WORK TO COMPLETE →
From the first line of the records below through the line containing "Anthraquinone violet 结构式", copy everything exactly and nothing more.

+===+

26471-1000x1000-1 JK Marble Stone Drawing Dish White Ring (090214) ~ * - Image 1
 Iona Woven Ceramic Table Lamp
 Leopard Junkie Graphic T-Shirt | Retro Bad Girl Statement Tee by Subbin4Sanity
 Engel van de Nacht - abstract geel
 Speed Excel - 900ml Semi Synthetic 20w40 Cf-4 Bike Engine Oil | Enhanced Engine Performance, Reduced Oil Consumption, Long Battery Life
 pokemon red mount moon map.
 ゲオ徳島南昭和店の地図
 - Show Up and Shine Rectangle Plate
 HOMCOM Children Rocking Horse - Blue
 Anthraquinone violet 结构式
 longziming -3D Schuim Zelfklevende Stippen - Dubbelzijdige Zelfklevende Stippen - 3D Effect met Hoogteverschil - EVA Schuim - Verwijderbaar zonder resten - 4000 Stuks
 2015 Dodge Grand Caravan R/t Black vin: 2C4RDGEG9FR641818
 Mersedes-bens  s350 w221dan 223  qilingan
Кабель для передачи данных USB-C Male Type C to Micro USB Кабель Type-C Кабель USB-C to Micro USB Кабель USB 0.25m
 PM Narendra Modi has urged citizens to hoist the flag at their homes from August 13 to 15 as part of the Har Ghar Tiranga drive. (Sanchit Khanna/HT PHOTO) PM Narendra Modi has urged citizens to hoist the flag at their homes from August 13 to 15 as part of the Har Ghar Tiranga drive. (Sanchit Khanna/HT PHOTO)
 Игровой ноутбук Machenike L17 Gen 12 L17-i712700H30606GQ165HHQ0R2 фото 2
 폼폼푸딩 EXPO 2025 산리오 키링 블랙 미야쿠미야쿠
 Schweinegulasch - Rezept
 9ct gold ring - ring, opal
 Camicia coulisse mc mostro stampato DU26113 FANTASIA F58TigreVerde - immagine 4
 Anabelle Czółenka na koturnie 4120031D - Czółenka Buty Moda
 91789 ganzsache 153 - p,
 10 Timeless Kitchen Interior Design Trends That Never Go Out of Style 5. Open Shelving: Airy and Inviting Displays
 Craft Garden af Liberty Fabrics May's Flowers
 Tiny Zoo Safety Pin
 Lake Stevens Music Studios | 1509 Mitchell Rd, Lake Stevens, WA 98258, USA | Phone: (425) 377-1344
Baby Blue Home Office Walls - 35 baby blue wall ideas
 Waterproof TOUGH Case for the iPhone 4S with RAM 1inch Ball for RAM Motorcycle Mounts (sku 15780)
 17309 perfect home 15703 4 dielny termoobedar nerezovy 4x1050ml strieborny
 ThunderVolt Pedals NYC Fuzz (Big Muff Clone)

+===+

EXPECTED ANSWER →
26471-1000x1000-1 JK Marble Stone Drawing Dish White Ring (090214) ~ * - Image 1
 Iona Woven Ceramic Table Lamp
 Leopard Junkie Graphic T-Shirt | Retro Bad Girl Statement Tee by Subbin4Sanity
 Engel van de Nacht - abstract geel
 Speed Excel - 900ml Semi Synthetic 20w40 Cf-4 Bike Engine Oil | Enhanced Engine Performance, Reduced Oil Consumption, Long Battery Life
 pokemon red mount moon map.
 ゲオ徳島南昭和店の地図
 - Show Up and Shine Rectangle Plate
 HOMCOM Children Rocking Horse - Blue
 Anthraquinone violet 结构式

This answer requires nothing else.